What resources are there to understand the derivation of $\wp$?
 A: HINT: here I give you a brief note, hoping that something you can help.
Knowing that all $L$-elliptic function (i.e. meromorphic and $L$-periodic) must have a finite order at least equal to $2$, the function $\wp$ gives a solution to the problem of construct a $L$-elliptic function taking exactly this minimum of twice all complex value $u$ in all fundamental parallelogram $P$ for the lattice $L$.
Assuming that such a function exists, it can have either just one pole of order 2 or two simple poles (two distinct kinds of these functions!); both exist in fact, the first one with a pole of order two are the $L$-functions $\wp$ of Weierstrass and the second one, the elliptic functions of Jacobi with two simple poles. The first function is defined by
$$\wp(z)=\frac{1}{z^2}+\sum_{\omega\in L\setminus\{0\}}\left[\frac{1}{(z-\omega)^2}-\frac{1}{\omega^2}\right]$$
(a simpler form with $\sum \frac{1}{(z-\omega)^2}$ is useless because it is not convergent and the variation shown in $\wp$ has no other purpose than to ensure the necessary convergence).
If $P$ is the fundamental parallelogram of vertices $0,\omega_1,\omega_2,\omega_1+\omega_2$, the values $\wp(z_0)$ for $z_0=0,\frac{\omega_1}{2},\frac{\omega_2}{2},\frac{\omega_1+\omega_2}{2}$ are taken just once because $z_0$ is in each case a point of order two in $P$ (this because $0$ is a double pole with residue zero and the other three are double points since $\wp’=0$ and $\wp’’\ne 0$).

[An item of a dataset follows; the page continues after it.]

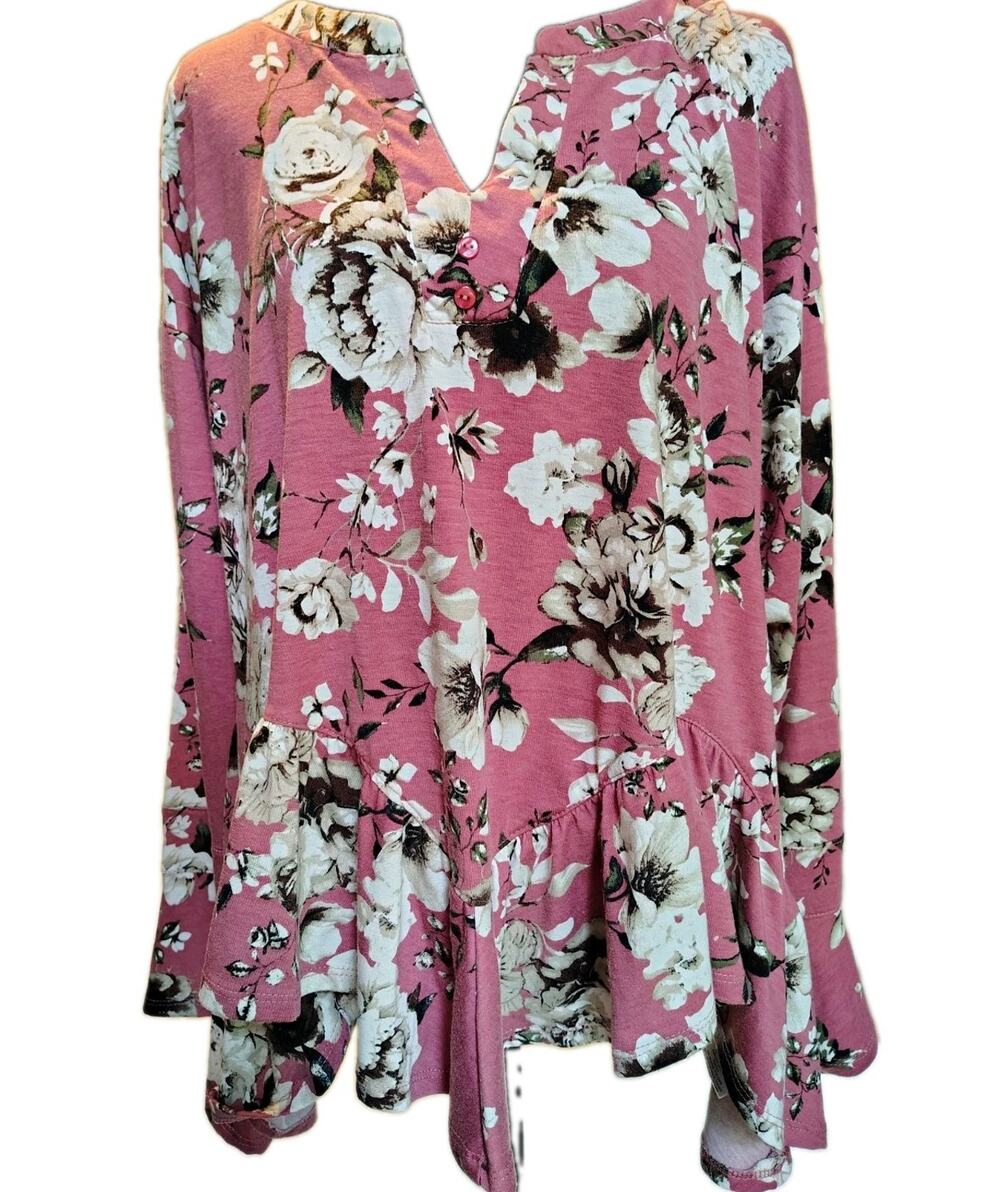 Absolutely Famous Floral Peplum Top XL Pink Rose Notch V-Neck Bell Sleeve Tunic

All the other points $z\in P$ are simple and for all complex value $u\ne \wp(z_0)$ one has $\wp(z_1)=\wp(z_2)=u$ for certain unique $z_1$ and $z_2$ in $P$ which either are symmetric respect to $\frac {\omega_1+\omega_2}{2}$ (in whose case $z_1$ and $z_2$ are interior points of $P$) or are symmetric respect to $\frac{\omega_k}{2}$; $k=1,2$ (in whose case $z_1$ and $z_2$ are in the boundary of $P$, in the two sides assigned to $P$)

►$\wp(z)$ has a derivative $\wp’(z)$ which is odd of order three and all $L$-elliptic function belongs to the field $\mathbb C(\wp, \wp’)$ of rational expressions of $\wp(z)$ and $\wp’(z)$ with complex coefficients; this field is a quadratic extension of the field $\mathbb C(\wp)$ formed by all the even $L$-elliptic functions.
►$\wp$ and $\wp’$ are transcendental functions but are not algebraically independent and it is verify that $$(\wp’)^2=4\wp^3-g_2 \wp-g_3$$ where the called invariants of $\wp$ are defined by $$g_2=60\sum_{\omega\in L\setminus\{0\}}\frac{1}{\omega^4}$$ and $$g_3=140\sum_{\omega\in L\setminus\{0\}}  \frac{1}{\omega^6}$$
Besides one has an “addition theorem” given by $$\wp(u+v)=\frac 14\left[\frac{\wp’(u)-\wp’(v)}{\wp(u)-\wp(v)}\right]^2-\wp(u)-\wp(v)$$
These two equalities allow us go from the transcendent to algebraic and this is the link between the elliptic functions and the cubic curves of genus 1.